You're using a security manager, which do not allow the
ThreadPool to read some properties. Modify your
.java.security.policy so it allows your code to read
mandala properties. If you've never heard about Java security see Permissions
in the JavaTM 2 SDK for an overview of the Java security
mechanism.
You must add the following line to your .java.policy
file:
grant {
// Other permissions
// ...
permission java.util.PropertyPermission "mandala.*", "read";
// ...
};
RAMI is based on the asynchronous reference concept where if you've
o and o' two objects, ar(o) an
asynchronous reference on o and ar'(o') an
asynchronous reference on o' then:
ar(o) == ar'(o') <==> o == o'
Hence, comparing two asynchronous references is just a matter of using
the '==' operators as with java standard synchronous
reference.

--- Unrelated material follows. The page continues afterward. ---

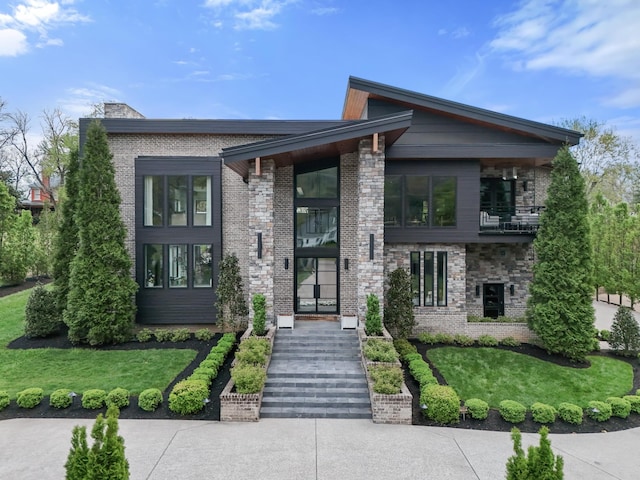 contemporary house featuring a balcony, a chimney, a front lawn, and brick siding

You don't have to use equals() for comparing
two asynchronous references! This rule is enforced by the singleton
design provided in Mandala.
This may occurs for many reasons:
You're using a single-threaded semantic to invoke a method
which is calling the Object.wait() and the corresponding
Object.notify() is invoked in a method which shares the
same semantic.
Solutions: if both method (the one which calls
wait() and the one which invokes the corresponding
notify()) are in the same class, don't use a
single-threaded semantic; otherwise don't share the same
single-threaded semantic across asynchronous references (If you're
using the asynchronous policy provided, this should not happened).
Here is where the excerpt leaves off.